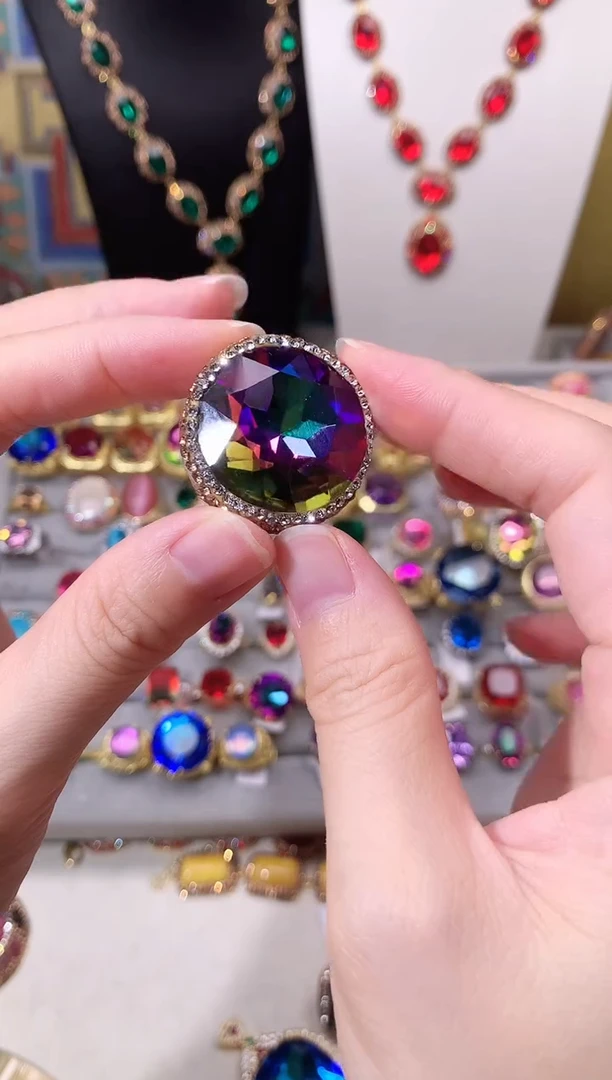 铜合金大理石奢华炫彩大戒指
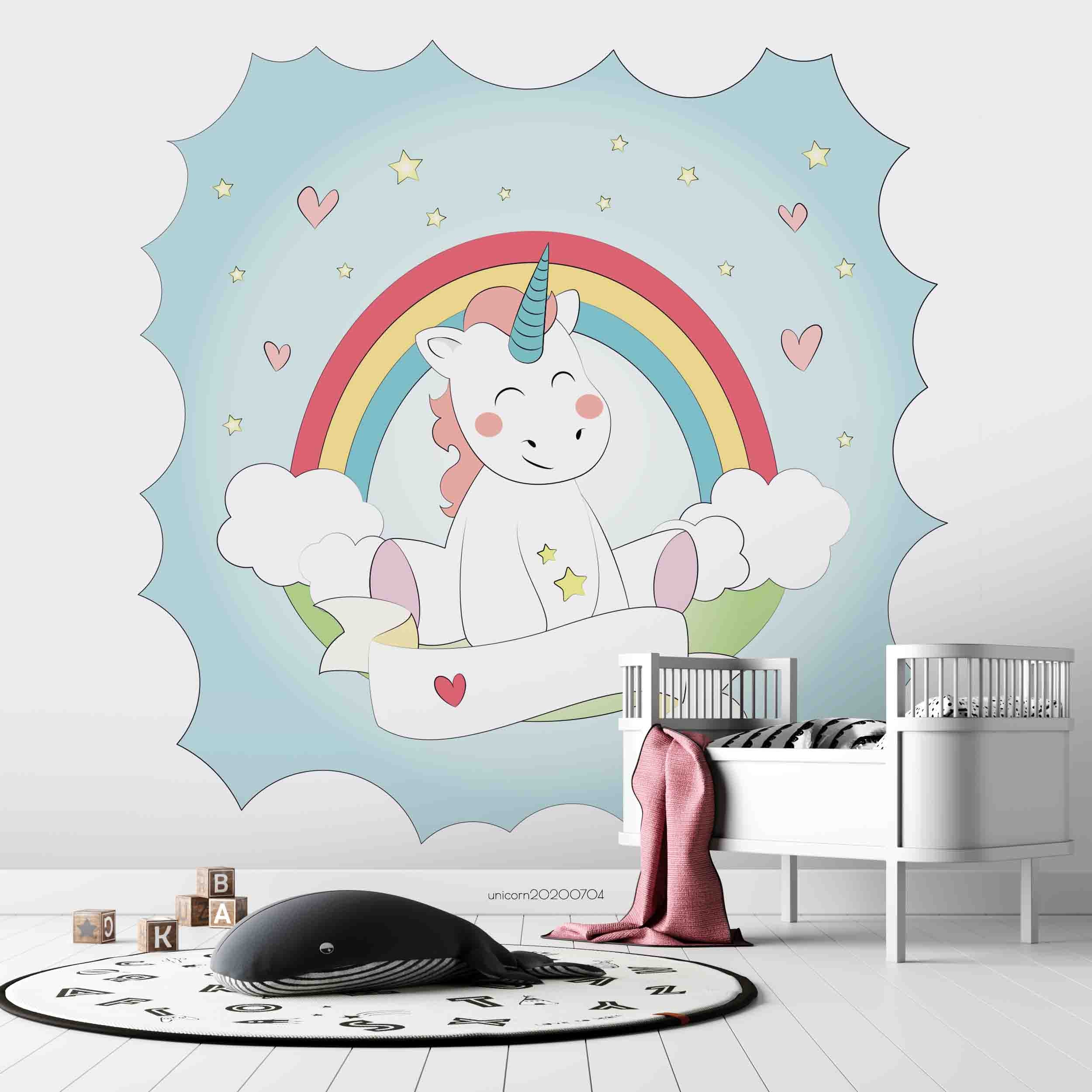 3D Cartoon Rainbow Smiley Unicorn Wall Mural Wallpaper Lxl 207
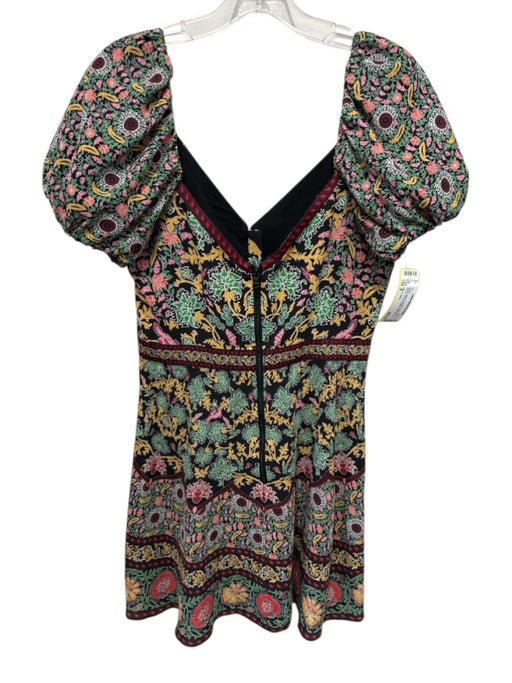 Alice + Olivia Size 8 Black & Multi Polyester Short Puff Sleeve V Neck Dress Black & Multi / 8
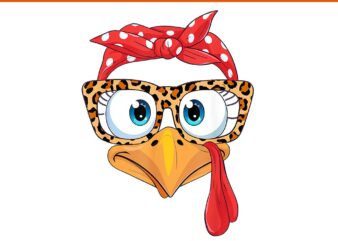 Turkey Face Leopard Print Glasses PNG, Turkey Face Thanksgiving PNG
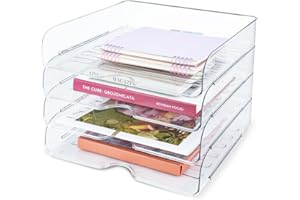 IBEQUEM Zestaw 4 przezroczystych akrylowych pojemników na dokumenty, format A4, wielofunkcyjny stojak do przechowywania na biurko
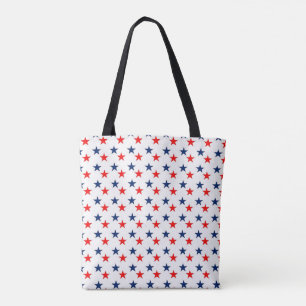 Blue And Red Stars Pattern Tote Bag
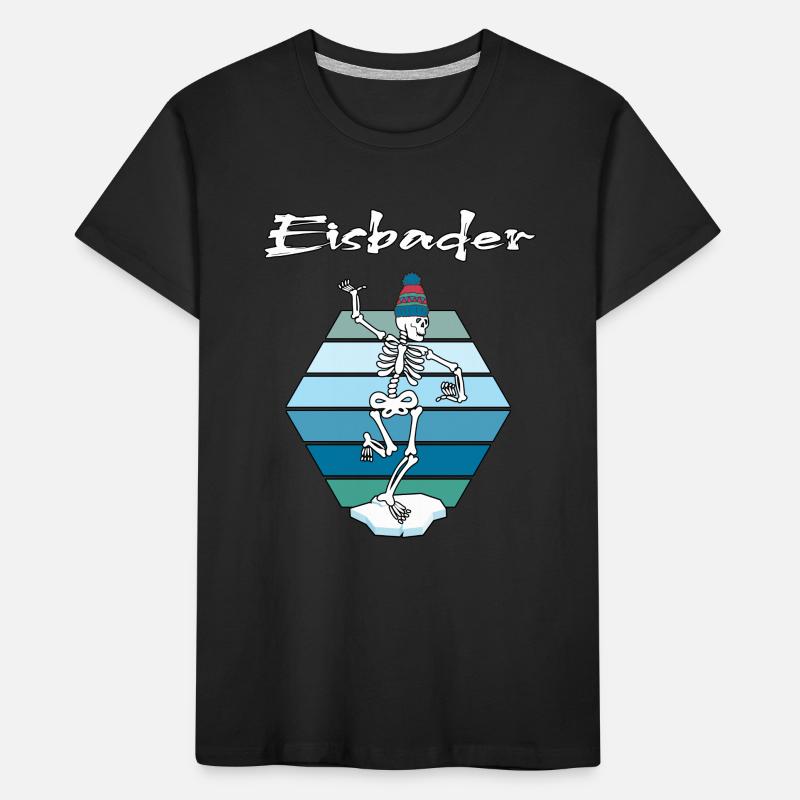 Eisbader Winterschwimmer geht Eisbaden Kinder Premium Bio T-Shirt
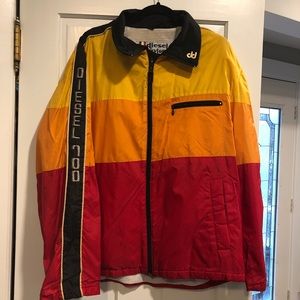 90s ビンテージ DIESEL レーシングジャケット レザー Y2K XL 茶
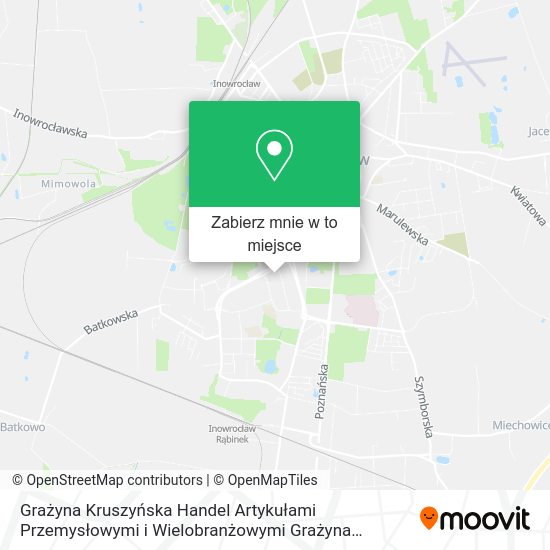 Mapa Grażyna Kruszyńska Handel Artykułami Przemysłowymi i Wielobranżowymi Grażyna Kruszyńska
= = =
* **WORK REQUEST**: Write out the lines from the start of the material to the line with "Turkey Face Leopard", inclusive and exactly. Skip the pictures.

* **RESPONSE**:
 铜合金大理石奢华炫彩大戒指
 3D Cartoon Rainbow Smiley Unicorn Wall Mural Wallpaper Lxl 207
 Alice + Olivia Size 8 Black & Multi Polyester Short Puff Sleeve V Neck Dress Black & Multi / 8
 Turkey Face Leopard Print Glasses PNG, Turkey Face Thanksgiving PNG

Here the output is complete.